__WHAT YOU ARE ASKED TO DO__.
The entries are to be reproduced verbatim, with all pictures omitted.

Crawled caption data
+++

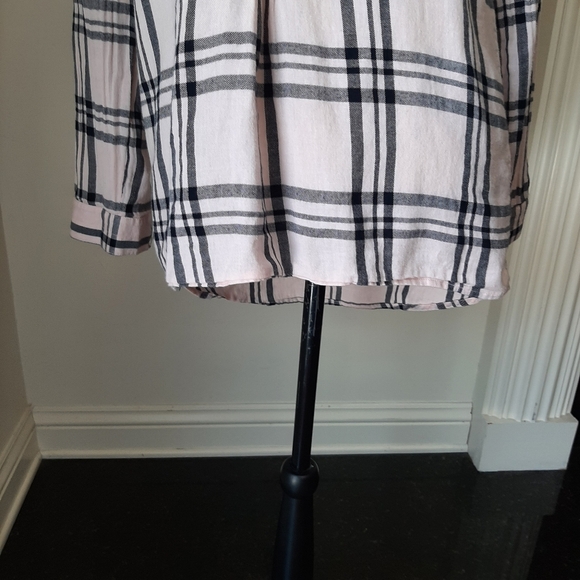 CROWN & IVY PINK PLAID TOP - Picture 8 of 13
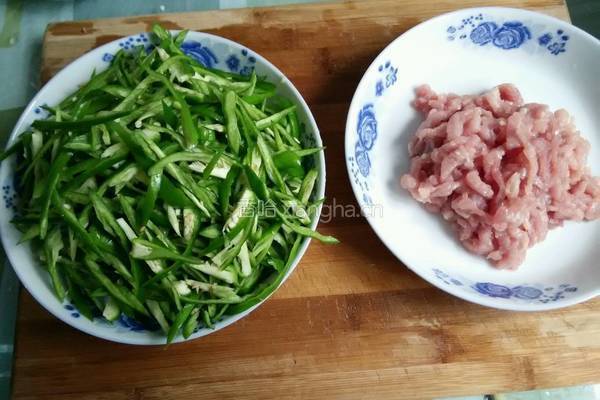 青椒肉丝的做法图解2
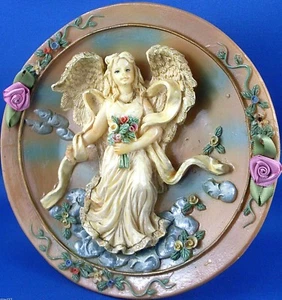RARE Retro 3D ANGEL With RIBBON FLOWERS Bone Resin Plaque Figurine - Australia - Imagen 1 de 6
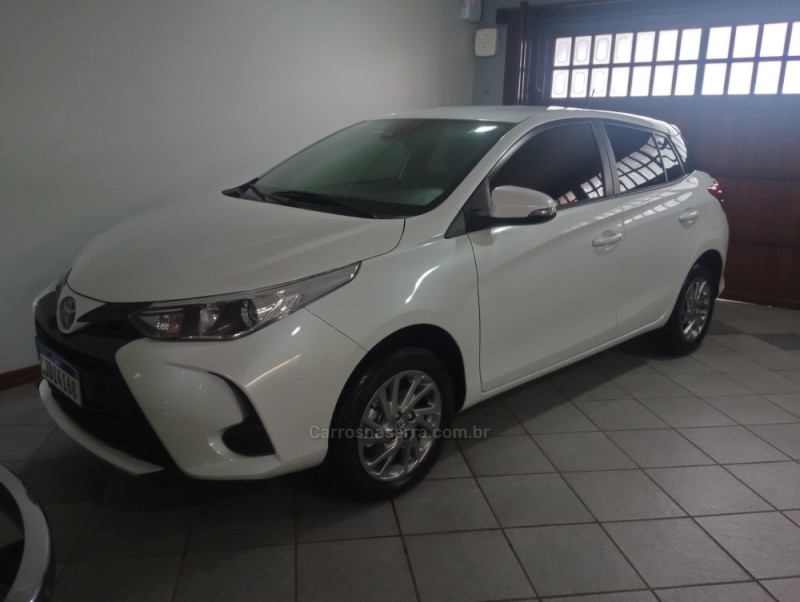YARIS 1.5 XS 16V FLEX 4P AUTOMÁTICO - 2025 - CAXIAS DO SUL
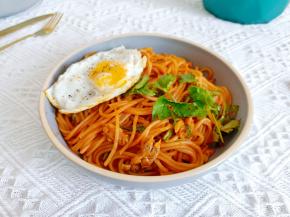 米粉吃起来爽滑劲道，吃一次就爱上！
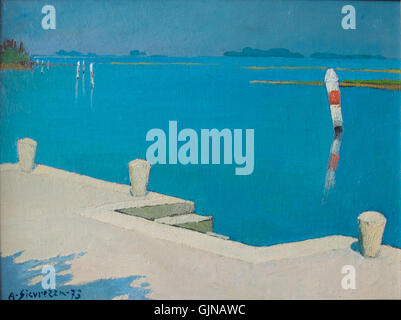 'La banchina nella laguna di Grado' est une peinture représentant une vue pittoresque des quais de la lagune de Grado, en Italie. L'œuvre capture les eaux calmes et le paysage environnant, reflétant l'atmosphère tranquille de la région. Banque D'Images
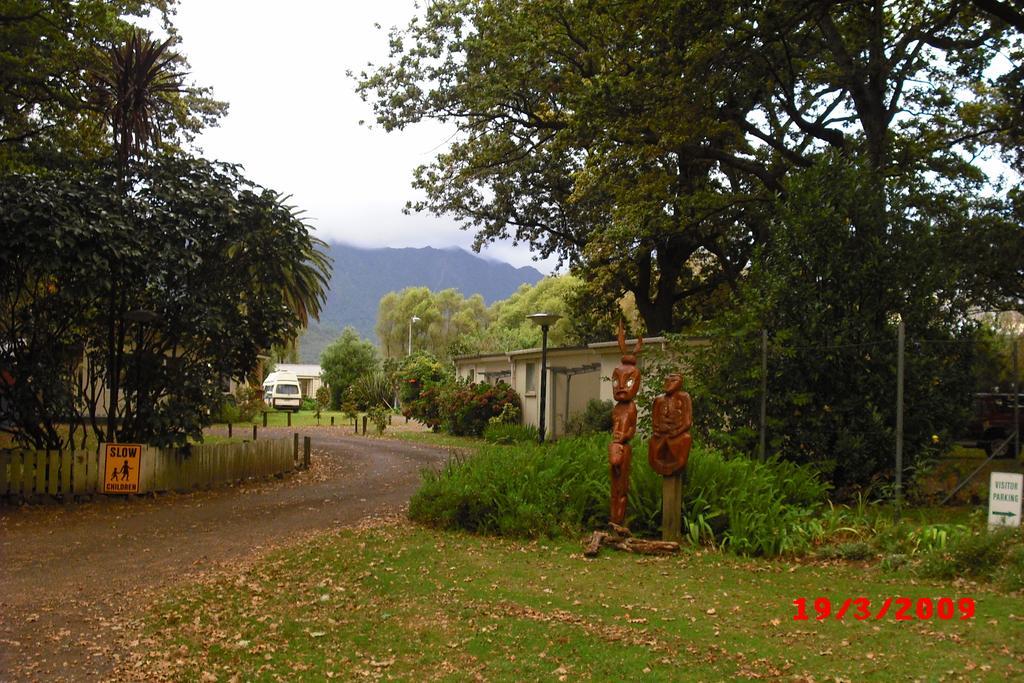 Te Aroha Holiday Park And Motels Екстериор снимка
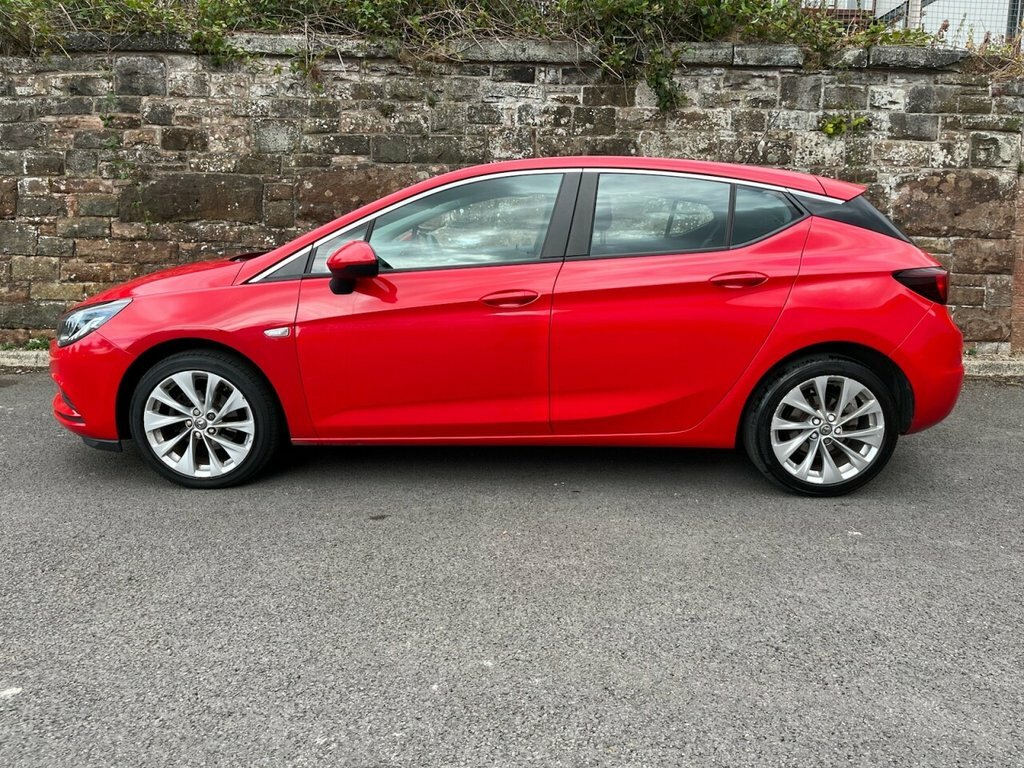 Vauxhall Astra 1.4L Design Red #4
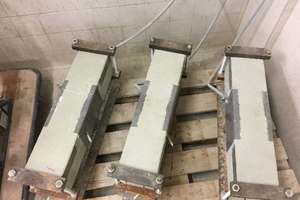   Versuchsstand mit eingebauten Prüfkörpern. Mehr als 210 Tage lang wurde das System unter realistischen Bauteilbedingungen ständig mit negativem Wasserdruck belastet.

+++

__ANSWER FOR THIS EXERCISE__.
 CROWN & IVY PINK PLAID TOP - Picture 8 of 13
 青椒肉丝的做法图解2
RARE Retro 3D ANGEL With RIBBON FLOWERS Bone Resin Plaque Figurine - Australia - Imagen 1 de 6
YARIS 1.5 XS 16V FLEX 4P AUTOMÁTICO - 2025 - CAXIAS DO SUL
 米粉吃起来爽滑劲道，吃一次就爱上！
 'La banchina nella laguna di Grado' est une peinture représentant une vue pittoresque des quais de la lagune de Grado, en Italie. L'œuvre capture les eaux calmes et le paysage environnant, reflétant l'atmosphère tranquille de la région. Banque D'Images
 Te Aroha Holiday Park And Motels Екстериор снимка
 Vauxhall Astra 1.4L Design Red #4
   Versuchsstand mit eingebauten Prüfkörpern. Mehr als 210 Tage lang wurde das System unter realistischen Bauteilbedingungen ständig mit negativem Wasserdruck belastet.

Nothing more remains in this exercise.